Anayasa Mahkemesi (AYM) eski bakanlar Mehmet Zafer Çağlayan, Muammer Güler, Egemen Bağış ve Erdoğan Bayraktar hakkındaki yolsuzluk ve rüşvet iddiaları için kurulan meclis araştırma komisyonu haberlerine yayın yasağı getirilmesinin ifade ve basın özgürlüğü ihlali olduğuna hükmetti. Kararın oy birliğiyle alınması dikkat çekti.
17/25 Aralık yolsuzluk ve rüşvet soruşturmalarının
ardından istifa eden veya görevlerinden alınan 4 eski bakanla ilgili TBMM’de
araştırma komisyonu kurulmuştu. TBMM Başkanlığı, 21 Kasım 2014’te Ankara
Cumhuriyet Başsavcılığına yazı göndererek, komisyon tarafından yürütülen
soruşturmayla ilgili basın ve yayın organlarınca, soruşturmanın gizliliğini
ihlal edici ve masumiyet karinesini zedeler şekilde yayınlar yapıldığı
belirterek soruşturmanın sağlıklı yürütülmesi için yayın yasağı talep etmişti.
Başsavcılığın talebi üzerine mahkeme soruşturma bitene kadar yayın yasağı
almıştı.
Mahkeme “kişilik haklarının zedelenmesinin önlenmesi,
şöhret ve diğer haklarının korunmasının sağlanması” bakımından, TBMM Soruşturma
Komisyonu’nun istemiş ve getirtmiş olduğu bilgi ve belge içerikleri ile
komisyonun tanık, bilgi sahibi, bilirkişi sıfatıyla veya diğer ilgililer olarak
beyanlarına başvurduğu kişilerin komisyona vermiş oldukları beyanlarına yönelik
olarak yayın yasağına karar vermişti.
HALK TV AYM’YE BAŞVURU YAPTI
İtirazları reddedilen Halk Radyo ve Televizyonculuk AŞ
son olarak AYM’ye başvurarak ifade ve basın özgürlüğünün ihlal edildiğini
savunmuştu. AYM, Halk TV’nin başvurusu üzerine ifade ve basın özgürlüğünün
ihlal edildiğine karar verdi. Resmi Gazete’de yayımlanan gerekçeli kararında
AYM yayın yasaklarının keyfiliğine dayanmaması gerektiğini bildirdi.
AYM kararında Anayasa’nın 28. maddesinde ifade ve basın
özgürlüğünün önleyici tedbir niteliğindeki yayım yasaklarıyla geçici olarak
sınırlanmasına izin verdiğine dikkat çekerek şu değerlendirmeyi yaptı: “…

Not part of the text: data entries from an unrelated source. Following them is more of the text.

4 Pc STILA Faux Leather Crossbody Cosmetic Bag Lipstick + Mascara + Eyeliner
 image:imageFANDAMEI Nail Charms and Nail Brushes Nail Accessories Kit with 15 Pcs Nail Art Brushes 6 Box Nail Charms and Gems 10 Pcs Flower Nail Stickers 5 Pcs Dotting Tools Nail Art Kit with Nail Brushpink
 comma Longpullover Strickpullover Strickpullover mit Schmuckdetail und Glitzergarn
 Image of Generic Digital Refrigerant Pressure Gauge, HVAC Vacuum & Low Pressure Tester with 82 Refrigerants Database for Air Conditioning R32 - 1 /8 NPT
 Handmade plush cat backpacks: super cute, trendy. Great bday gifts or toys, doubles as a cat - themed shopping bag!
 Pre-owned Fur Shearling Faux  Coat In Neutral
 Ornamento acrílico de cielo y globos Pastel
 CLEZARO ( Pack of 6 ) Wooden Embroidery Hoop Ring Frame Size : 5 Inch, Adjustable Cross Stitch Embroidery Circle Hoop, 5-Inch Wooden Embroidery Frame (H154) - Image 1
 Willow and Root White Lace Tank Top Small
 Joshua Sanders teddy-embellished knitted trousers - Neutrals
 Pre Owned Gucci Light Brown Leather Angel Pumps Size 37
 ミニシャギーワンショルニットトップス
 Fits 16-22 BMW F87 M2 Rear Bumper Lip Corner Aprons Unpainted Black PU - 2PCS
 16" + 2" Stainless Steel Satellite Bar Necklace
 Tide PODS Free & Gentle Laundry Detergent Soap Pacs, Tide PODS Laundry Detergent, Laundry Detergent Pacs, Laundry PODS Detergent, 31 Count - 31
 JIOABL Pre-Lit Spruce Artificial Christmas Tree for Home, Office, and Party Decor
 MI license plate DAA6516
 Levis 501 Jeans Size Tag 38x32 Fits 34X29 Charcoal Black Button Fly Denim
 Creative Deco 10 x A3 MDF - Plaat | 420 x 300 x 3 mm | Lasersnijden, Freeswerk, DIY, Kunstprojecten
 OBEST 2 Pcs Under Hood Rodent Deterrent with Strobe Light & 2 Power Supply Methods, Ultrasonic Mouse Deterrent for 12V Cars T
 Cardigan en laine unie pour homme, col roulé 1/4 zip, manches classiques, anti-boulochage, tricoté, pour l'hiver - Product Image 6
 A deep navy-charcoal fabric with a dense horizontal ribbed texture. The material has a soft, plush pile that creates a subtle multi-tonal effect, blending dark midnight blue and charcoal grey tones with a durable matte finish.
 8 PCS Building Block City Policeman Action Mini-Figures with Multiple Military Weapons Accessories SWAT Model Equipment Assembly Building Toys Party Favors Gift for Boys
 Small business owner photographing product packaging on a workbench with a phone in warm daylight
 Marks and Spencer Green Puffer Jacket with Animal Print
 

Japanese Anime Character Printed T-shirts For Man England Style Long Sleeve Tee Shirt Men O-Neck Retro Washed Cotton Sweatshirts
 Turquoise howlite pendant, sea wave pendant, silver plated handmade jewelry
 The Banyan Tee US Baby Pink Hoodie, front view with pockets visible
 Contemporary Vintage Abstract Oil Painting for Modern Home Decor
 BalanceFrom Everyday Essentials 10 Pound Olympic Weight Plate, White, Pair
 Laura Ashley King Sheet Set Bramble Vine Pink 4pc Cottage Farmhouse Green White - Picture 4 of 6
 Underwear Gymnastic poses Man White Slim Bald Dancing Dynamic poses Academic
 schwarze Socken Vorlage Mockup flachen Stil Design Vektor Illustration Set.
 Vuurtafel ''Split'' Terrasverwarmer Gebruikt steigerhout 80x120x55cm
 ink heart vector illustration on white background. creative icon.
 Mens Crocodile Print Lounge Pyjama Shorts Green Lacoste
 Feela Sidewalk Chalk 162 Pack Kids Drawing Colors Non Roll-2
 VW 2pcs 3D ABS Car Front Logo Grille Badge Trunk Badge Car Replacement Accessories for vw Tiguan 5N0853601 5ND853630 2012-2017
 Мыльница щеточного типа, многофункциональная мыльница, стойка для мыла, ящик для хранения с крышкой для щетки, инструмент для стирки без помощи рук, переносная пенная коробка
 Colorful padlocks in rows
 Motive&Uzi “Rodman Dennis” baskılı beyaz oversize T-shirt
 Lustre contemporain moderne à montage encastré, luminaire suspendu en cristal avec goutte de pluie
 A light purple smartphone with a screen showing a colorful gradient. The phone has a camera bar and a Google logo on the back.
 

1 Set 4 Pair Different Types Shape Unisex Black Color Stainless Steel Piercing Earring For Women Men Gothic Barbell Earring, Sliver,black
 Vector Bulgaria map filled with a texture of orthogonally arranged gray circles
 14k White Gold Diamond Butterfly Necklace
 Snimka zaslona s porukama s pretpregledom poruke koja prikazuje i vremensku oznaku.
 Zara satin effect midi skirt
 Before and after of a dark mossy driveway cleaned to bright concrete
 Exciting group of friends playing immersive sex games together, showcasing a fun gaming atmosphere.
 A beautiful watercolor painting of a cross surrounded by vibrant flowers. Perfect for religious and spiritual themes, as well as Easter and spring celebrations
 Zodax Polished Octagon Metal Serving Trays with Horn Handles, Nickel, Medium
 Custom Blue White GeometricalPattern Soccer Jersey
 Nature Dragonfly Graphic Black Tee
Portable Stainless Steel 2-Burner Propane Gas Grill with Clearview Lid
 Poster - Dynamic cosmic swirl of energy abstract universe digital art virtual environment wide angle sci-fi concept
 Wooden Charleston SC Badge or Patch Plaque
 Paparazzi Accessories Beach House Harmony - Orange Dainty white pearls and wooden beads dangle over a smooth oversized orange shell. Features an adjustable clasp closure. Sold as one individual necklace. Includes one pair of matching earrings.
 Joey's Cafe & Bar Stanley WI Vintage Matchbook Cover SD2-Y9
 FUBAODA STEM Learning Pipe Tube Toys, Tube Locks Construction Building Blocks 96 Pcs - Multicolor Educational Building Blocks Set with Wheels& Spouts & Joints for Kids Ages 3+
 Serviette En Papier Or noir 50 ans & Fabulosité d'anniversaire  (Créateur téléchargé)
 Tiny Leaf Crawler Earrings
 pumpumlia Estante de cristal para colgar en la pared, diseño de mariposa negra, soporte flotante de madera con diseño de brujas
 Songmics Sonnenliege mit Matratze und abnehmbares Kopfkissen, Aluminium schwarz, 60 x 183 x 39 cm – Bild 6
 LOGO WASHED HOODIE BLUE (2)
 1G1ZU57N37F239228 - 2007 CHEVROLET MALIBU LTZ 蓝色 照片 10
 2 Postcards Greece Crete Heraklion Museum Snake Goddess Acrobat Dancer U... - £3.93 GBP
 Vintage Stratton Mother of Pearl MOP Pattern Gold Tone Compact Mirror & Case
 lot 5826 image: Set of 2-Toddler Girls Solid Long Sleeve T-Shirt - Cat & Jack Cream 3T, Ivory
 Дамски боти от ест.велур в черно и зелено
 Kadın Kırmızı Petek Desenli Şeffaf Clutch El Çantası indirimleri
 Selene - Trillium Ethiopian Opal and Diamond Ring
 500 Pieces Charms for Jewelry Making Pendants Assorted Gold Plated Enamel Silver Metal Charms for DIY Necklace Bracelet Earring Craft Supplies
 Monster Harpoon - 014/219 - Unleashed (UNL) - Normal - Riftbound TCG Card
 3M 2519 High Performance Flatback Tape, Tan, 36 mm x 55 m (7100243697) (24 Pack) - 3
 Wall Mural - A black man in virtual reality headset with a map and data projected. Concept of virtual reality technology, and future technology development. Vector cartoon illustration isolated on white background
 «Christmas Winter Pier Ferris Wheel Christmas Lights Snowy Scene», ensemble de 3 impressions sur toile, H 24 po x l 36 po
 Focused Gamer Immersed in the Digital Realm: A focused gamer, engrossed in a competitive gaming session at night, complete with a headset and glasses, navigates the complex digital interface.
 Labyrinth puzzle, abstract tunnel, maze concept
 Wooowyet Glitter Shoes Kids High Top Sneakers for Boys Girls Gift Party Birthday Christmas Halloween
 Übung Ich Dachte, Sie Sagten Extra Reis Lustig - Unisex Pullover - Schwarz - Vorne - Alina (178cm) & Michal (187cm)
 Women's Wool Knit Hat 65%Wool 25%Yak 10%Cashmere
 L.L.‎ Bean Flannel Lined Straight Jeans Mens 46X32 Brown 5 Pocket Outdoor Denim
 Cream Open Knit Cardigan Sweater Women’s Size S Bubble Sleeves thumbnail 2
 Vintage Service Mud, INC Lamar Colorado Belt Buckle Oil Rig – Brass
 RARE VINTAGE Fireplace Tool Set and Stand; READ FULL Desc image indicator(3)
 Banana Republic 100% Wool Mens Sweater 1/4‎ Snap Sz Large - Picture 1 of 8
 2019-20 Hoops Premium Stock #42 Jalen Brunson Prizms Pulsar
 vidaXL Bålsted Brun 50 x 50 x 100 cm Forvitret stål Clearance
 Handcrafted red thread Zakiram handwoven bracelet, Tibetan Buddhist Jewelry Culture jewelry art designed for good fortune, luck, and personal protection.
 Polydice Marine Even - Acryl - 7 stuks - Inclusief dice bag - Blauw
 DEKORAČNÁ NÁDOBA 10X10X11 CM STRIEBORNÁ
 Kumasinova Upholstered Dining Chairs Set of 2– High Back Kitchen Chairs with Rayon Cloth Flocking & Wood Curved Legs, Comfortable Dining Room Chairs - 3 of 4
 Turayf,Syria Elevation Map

‘yargılama görevinin amacına uygun olarak yerine getirilmesi’ sebebi dışında
olaylar hakkında yayım yasağı konulamayacağı ifade edilerek yayım yasağı
yönünden sınırlama sebeplerinin de sınırlandığı görülmektedir.”
“KAMU OTORİTESİNİN KEYFİLİĞİ ÖNLENMELİ”
AYM, ifade ve basın özgürlüğü yönünden oluşturduğu
tehlikenin ağırlığı doğrultusunda yayım yasağının; “kamu otoriteleri tarafından
gerçekleştirilebilecek muhtemel suiistimalleri engelleyecek belirli ve kesin
kurallar ile sıkı denetim öngören özel bir kanunu düzenleme uyarınca
gerçekleştirilmesi” gerektiğini kaydetti.
Kanunilik ölçütünün sınırlamaya ilişkin kuralın
“erişilebilirliği” ve “öngörülebilirliği” ile kesinliğini
ifade eden “belirliliğini” garanti altına aldığını bildiren Yüksek
Mahkeme, “Belirlilik, bir kuralın keyfiliğine yol açmayacak bir içerikte
olmasını ifade eder… Böylece hukuk güvenliği sağlanarak kamu gücünü kullanan
organların keyfi davranışların önüne geçilmiş olur.” değerlendirmesini yaptı.
Meclis Soruşturma Komisyonu yolsuzluk ve rüşvetle
suçlanan 4 eski bakanın Yüce Divan’a sevkine gerek olmadığına karar vermişti.